Phase-restrained coordinate refinement in PHENIX.REFINE42 was performed in reciprocal space against the MLHL target using amplitudes and phases back-calculated from the experimental cryo-EM maps as described32. For this, the cryo-EM maps were masked around the individual subunits together with the tRNA and mtIF2, which were present in both models. Each subunit was then individually refined for 7 cycles including rigid body, individual coordinate and B-factor refinement (Supplementary Table 2). Automatic protein secondary structure and RNA base-pair restraints as well as Ramachandran restraints were applied throughout to stabilize the refinement in areas of weaker density. The weighting of the model geometry versus the experimental data (implemented in PHENIX.REFINE as wxc value) was adjusted such that the models displayed excellent geometry with an optimal fit to the cryo-EM map (Supplementary Table 2). The model was validated by calculating the model versus map FSCs using the FSC = 0.5 criterion, showing that the estimated resolutions coincide well with those obtained for the experimental maps at the FSC = 0.143 criterion (Extended Data Fig. 2b).

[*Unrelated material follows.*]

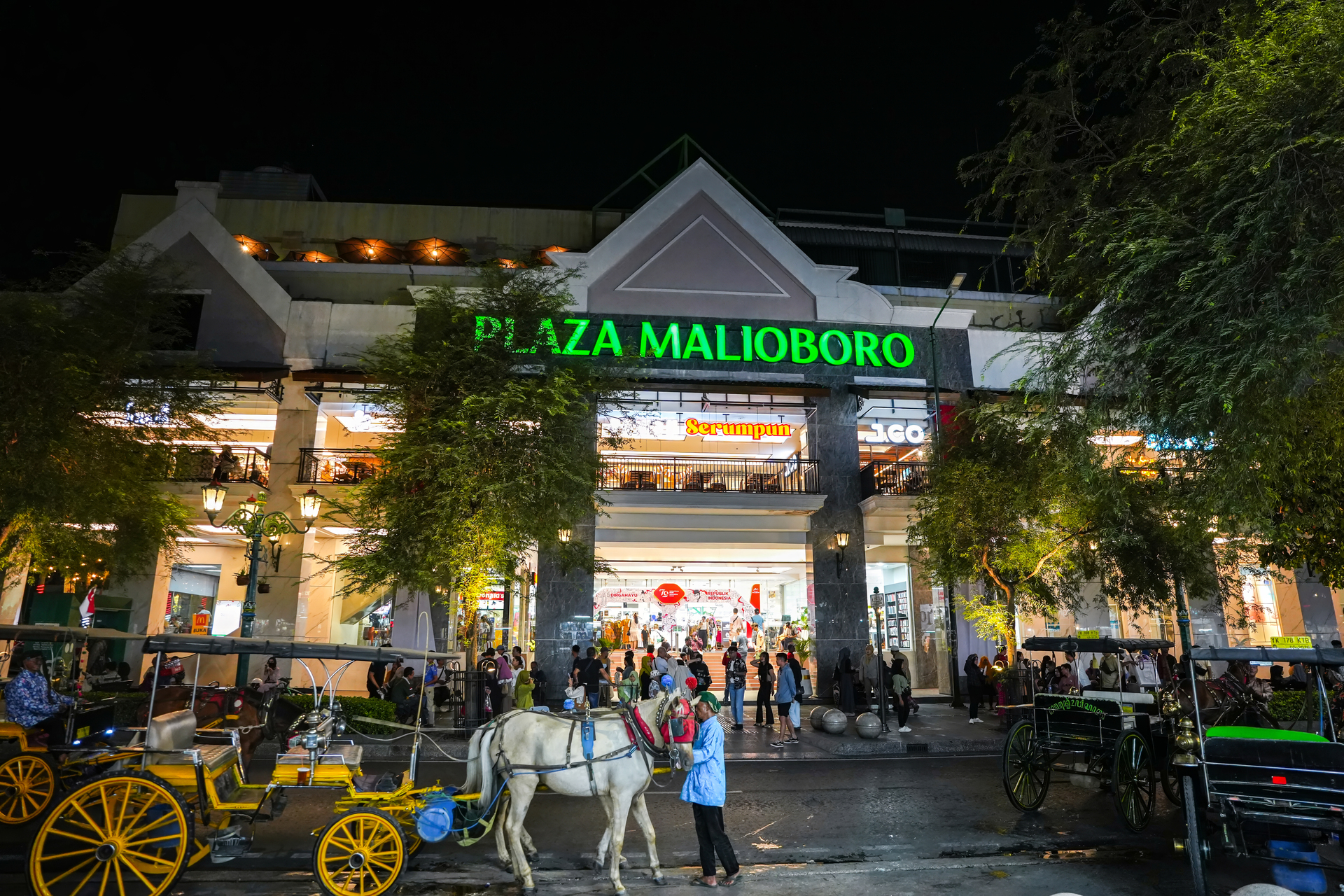 Utara Plaza Malioboro, menjadi titik strategis pojok merokok yang disediakan Pemerintah Kota Yogyakarta. | Vecteezy (chitsanupong.cu)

For the 55S initiation complex, both subunit models were assembled into the map encompassing the entire ribosome. The complete 55S model was then refined in reciprocal space for an additional 3 cycles with refinement settings as described above, followed by 5 cycles of individual B-factor refinement until convergence. The model was validated against the 55S map in a similar manner as depicted for the individual subunits.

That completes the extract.